It was agreed that the island was formerly granted to certain proprietors as tenants in common, or was holden by them as a corporation, for the purposes mentioned in the original charter, which was in the case; that individual proprietors have from time to time taken up and occupied in severalty certain parts of the island, and with the exception of those portions the island is still held as a tenancy in common by the proprietors above mentioned, and the plaintiff is one of them; that the highways or streets of the island have never been taken up by or assigned to any individual proprietor, but were left open by the proprietors, and have been immemorially used by all other persons having occasion to pass there, with their teams, carts and carriages, and have also been immemorially, from time to time, repaired as highways by the inhabitants of the town of Nantucket.

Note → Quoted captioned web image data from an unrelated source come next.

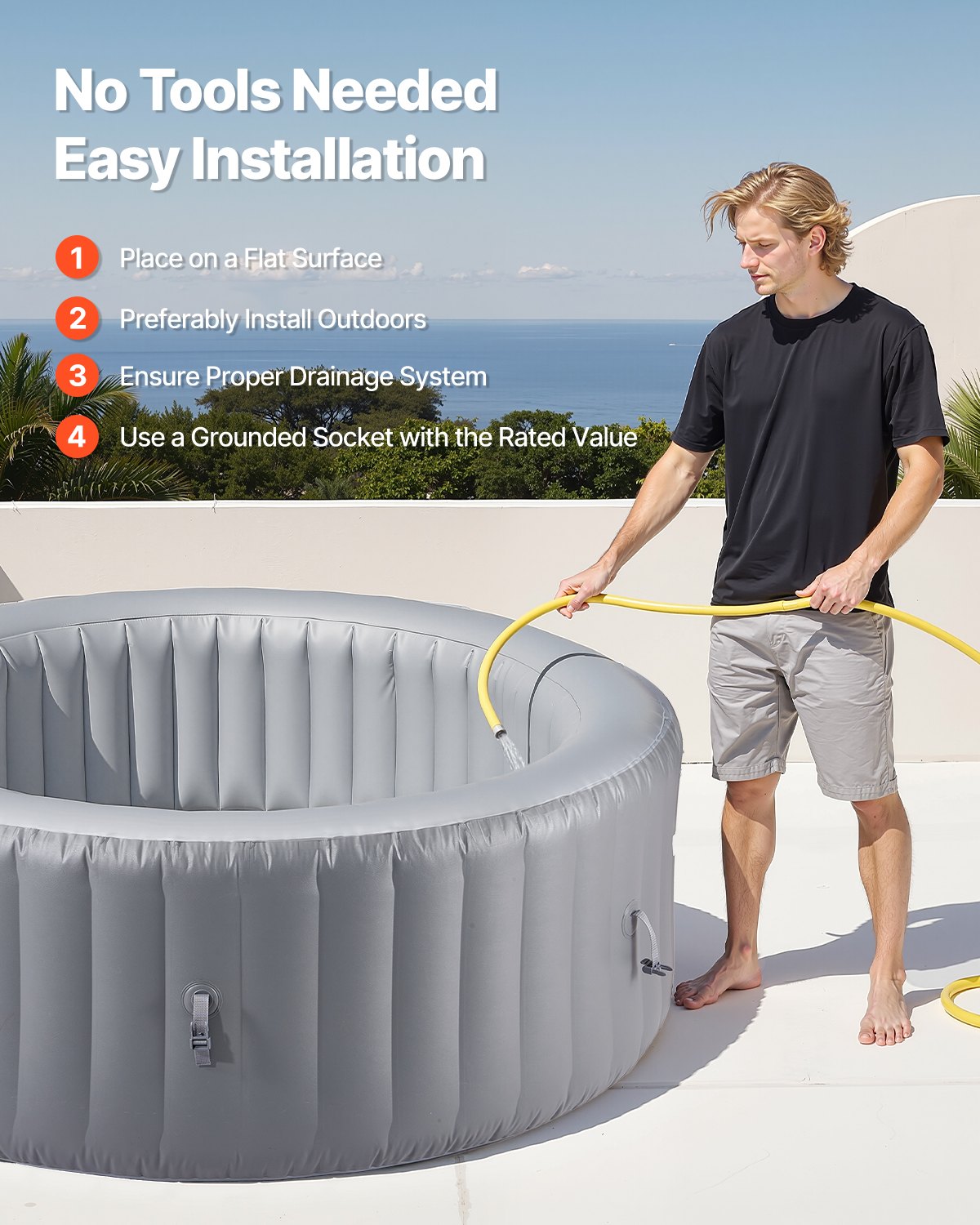 VEVOR Vasca Rotonda da Bagno Gonfiabile, per 2 a 4 Persone 180x66 cm, con 110 Getti Rilassanti, Filtro, Copertura, Tappetino, Pannello Controllo, Piscina Termale per Esterni, Grigio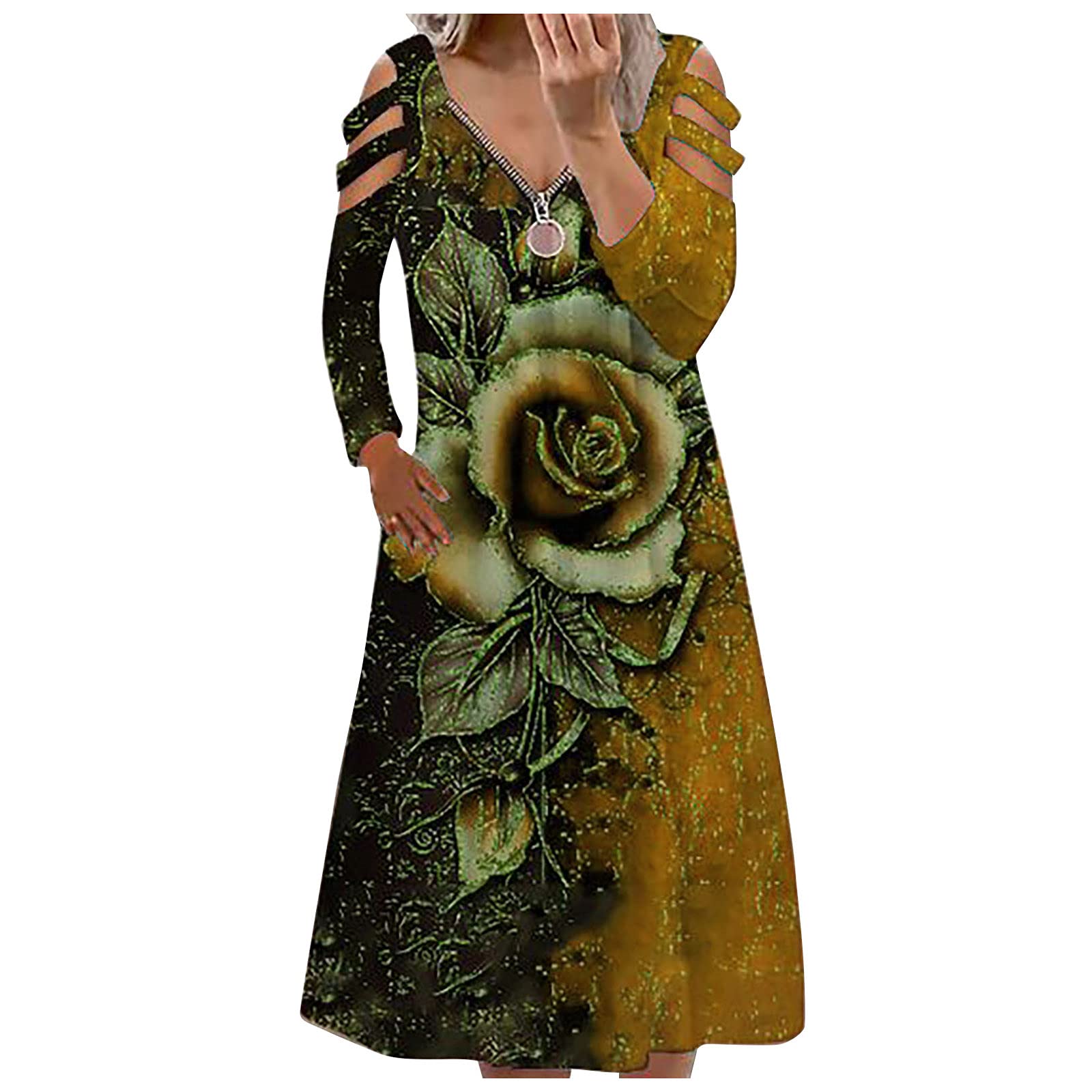 Boho V-Neck Flowy Dress for Women - Sexy Open Back Strap Zipper Dress, Plus Size & Regular Sizes | Perfect for Summer Beach, Party, and Casual Outings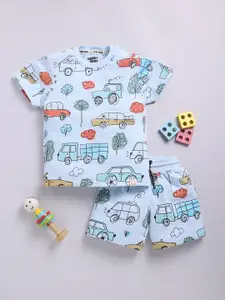 Happy Faces Boys Pure Cotton Printed T-shirt with Shorts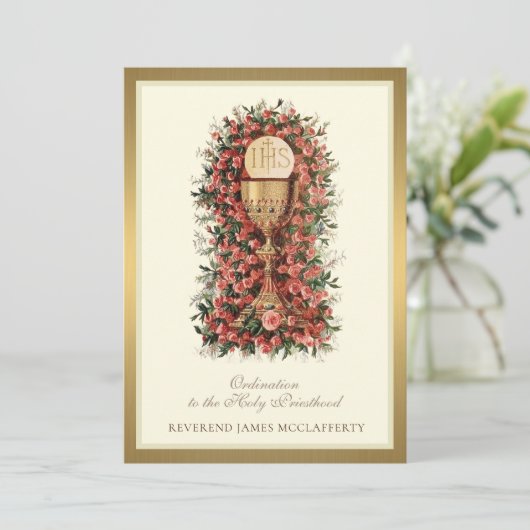 Einladung katholischer Ordination zum Heiligen Pri (Stehend Vorderseite)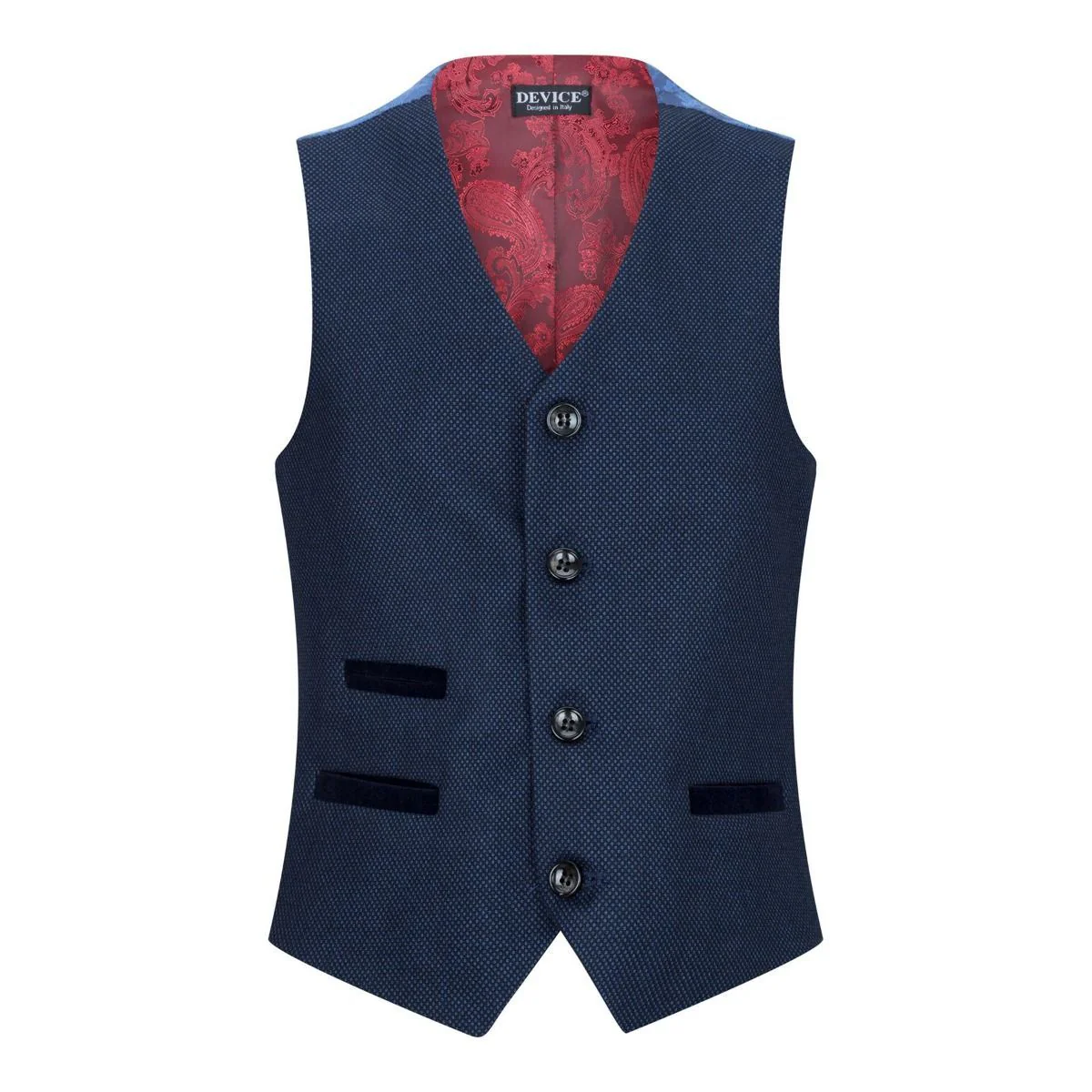 Boys 3 Piece Navy Blue Birdseye Tweed Suit - Image 10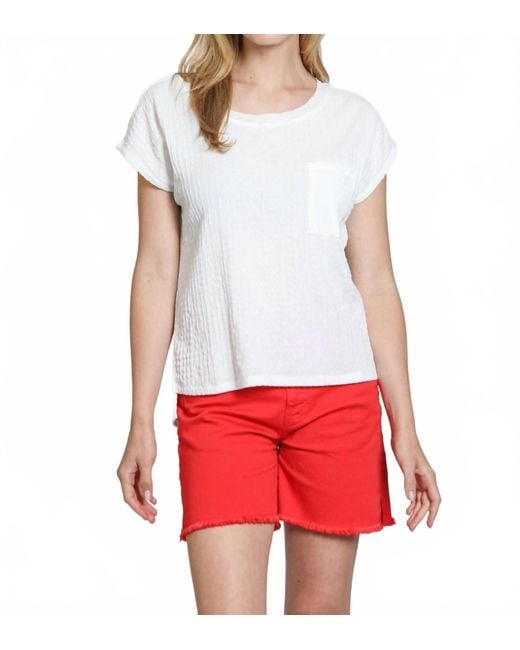 Apny Red Pocket Crinkle Tee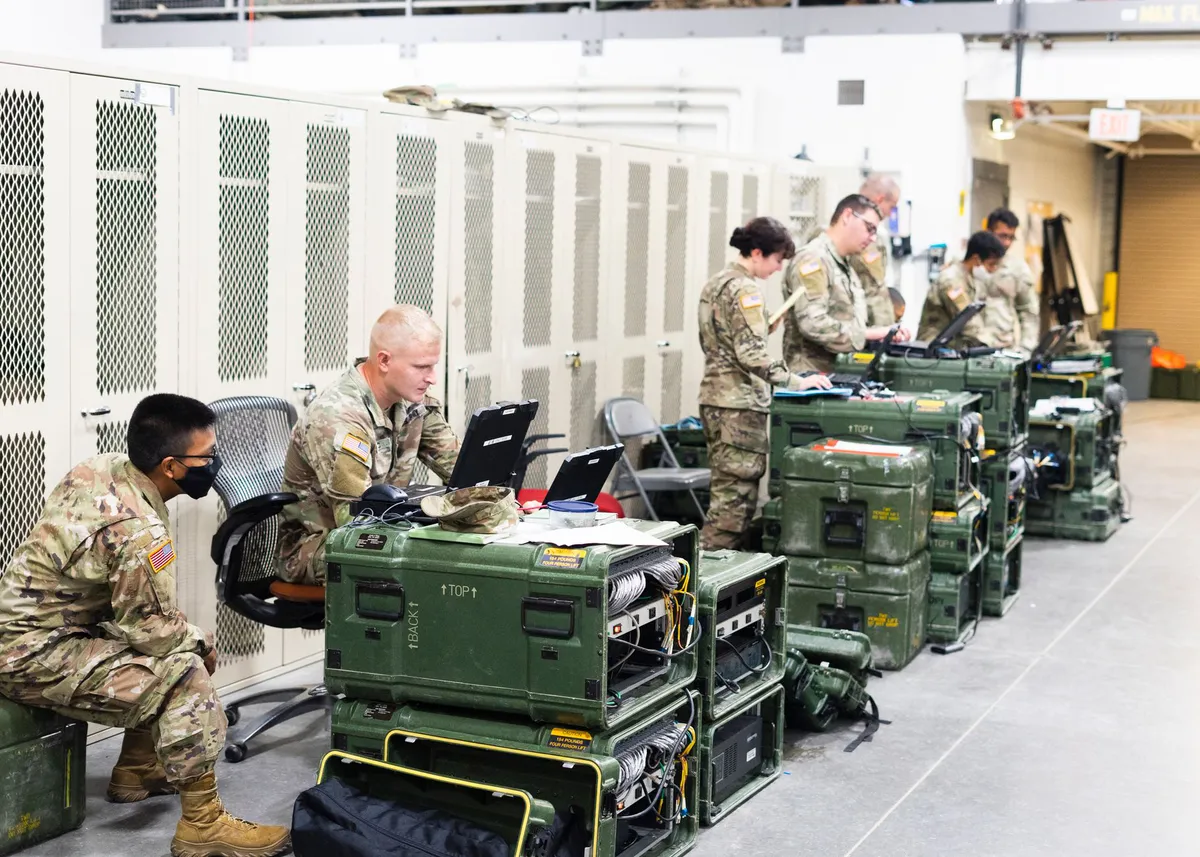 military personnel monitoring drone threats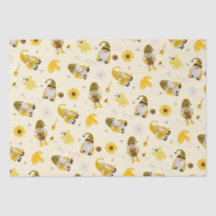 Bumble Bee Sunflower Yellow Gnomo Papel Tecido
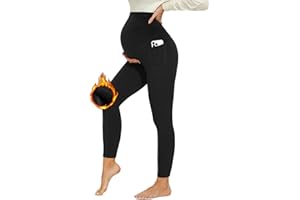 DDOBB Legging de grossesse pour femme avec poches, taille haute, opaque, doux et élastique, mode de maternité, maison, yoga, sport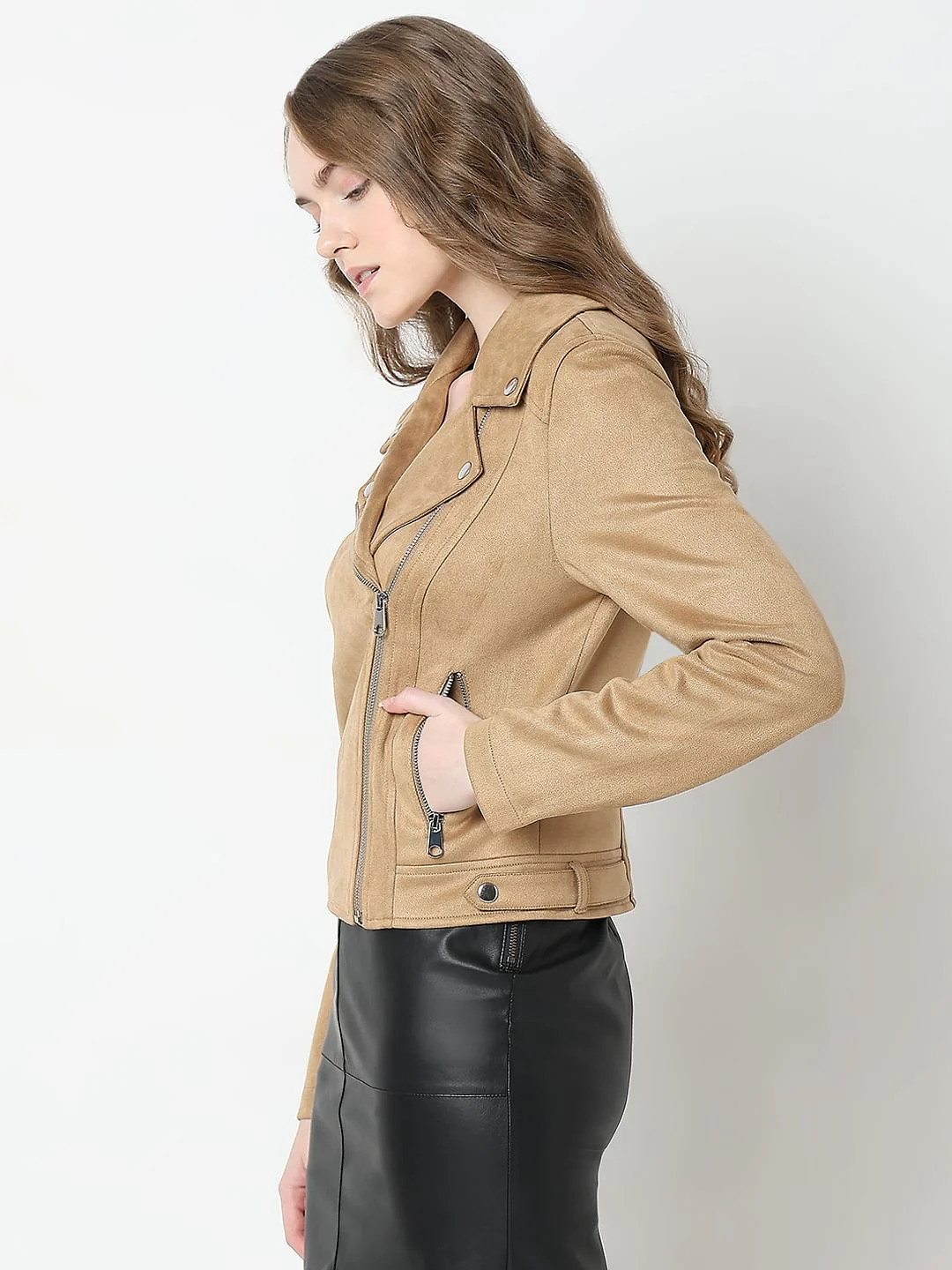 Brown Biker Jacket - Image 3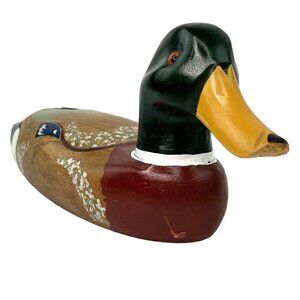 Vintage Emson Wooden Duck Decoy Mallard Drake Glassy Eyes Original 14” Taiwan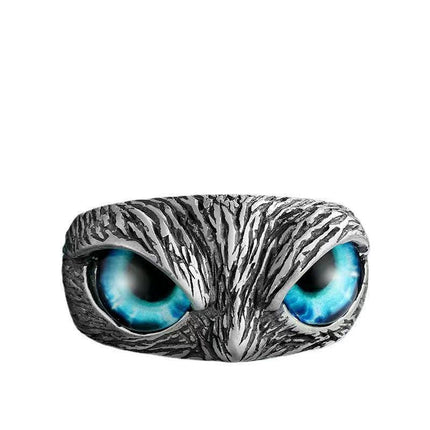 Plain Silver Retro Blue Glasses Owl Jewelry Ring Men And Women Design Owl Ring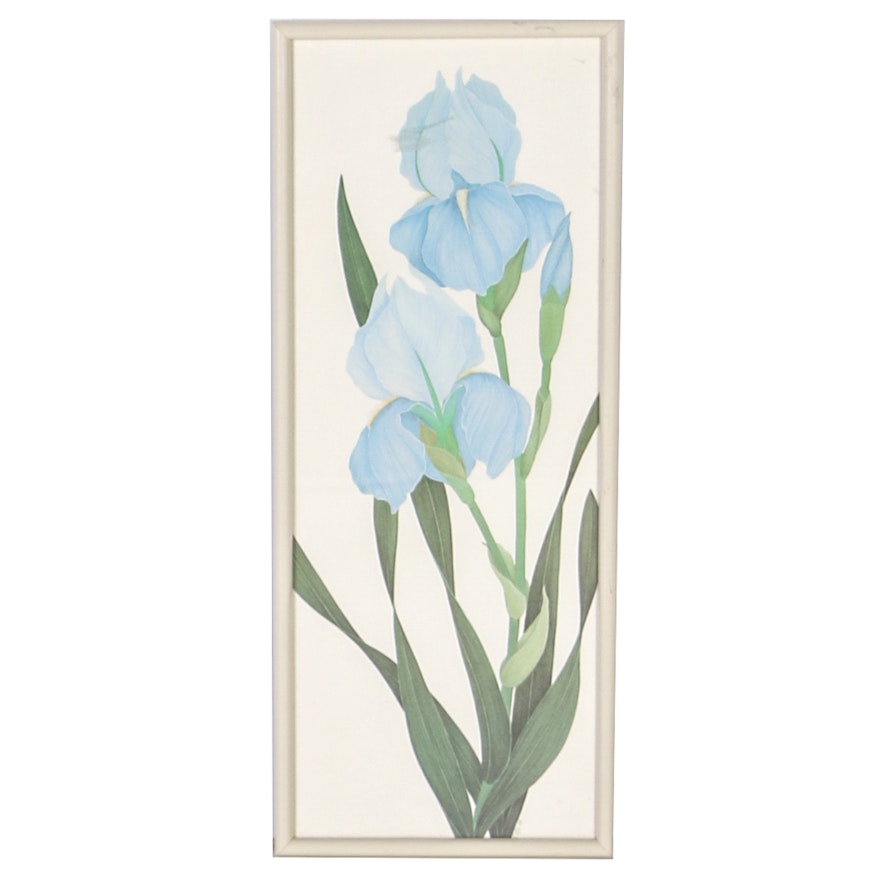 Ed Cota Framed Offset Lithograph of Irises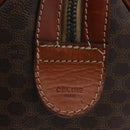 CELINE Macadam Boston Bag PVC Brown Gold Tone Auth 209797-16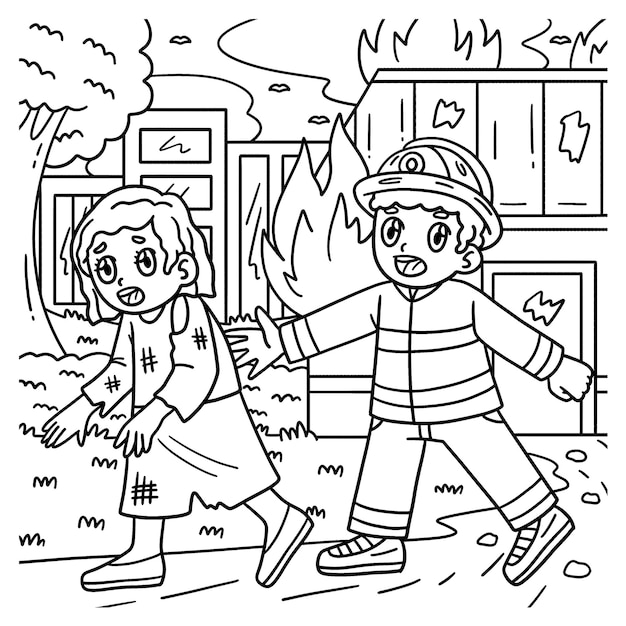 A cute and funny coloring page of a Firefighter escorting a survivor Provides hours of coloring fun for children To color this page is very easy Suitable for little kids and toddlers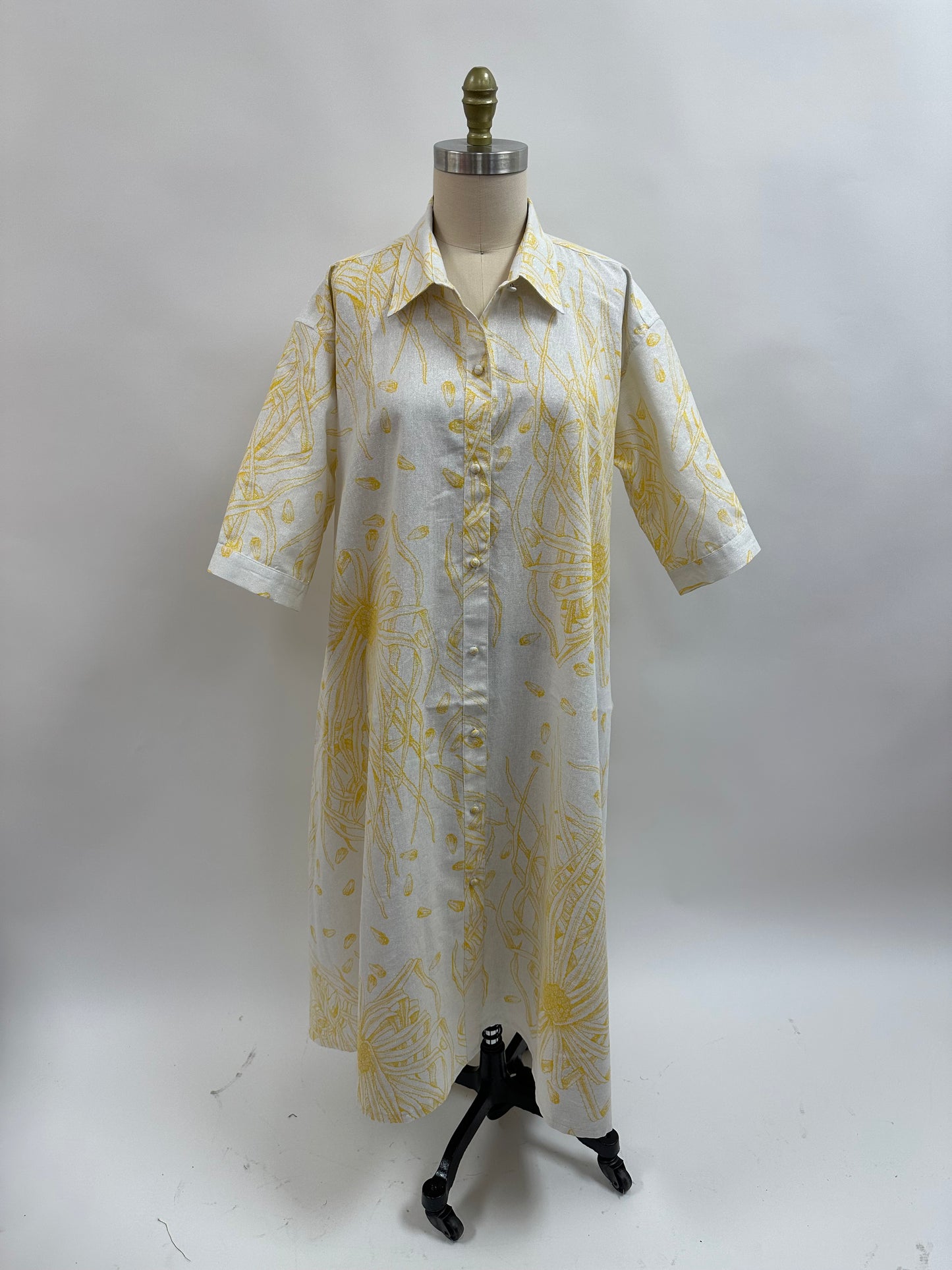 Coat Dress | Glitter Hala |Yellow on White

If the defendants had a right to take up the plaintiff's sheep in the manner and for the cause stated in the plea, the plaintiff was to be nonsuit. If the plaintiff had a right to depasture them on the ways and streets without a keeper, the defendants were to be defaulted.
Coffin and Bunker, for the plaintiff.
Eddy and Warren, for the defendants, cited St. 1834, c. 184, § 4; Revised Stat. c. 19, § 22; Reed v. Northfield, 13 Pick. 94; First Parish in Gloucester v. Beach, 2 Pick. 60, note; Coolidge v. Learned, 8 Pick. 504. [See also Williams v. Cummington, 18 Pick. 312.]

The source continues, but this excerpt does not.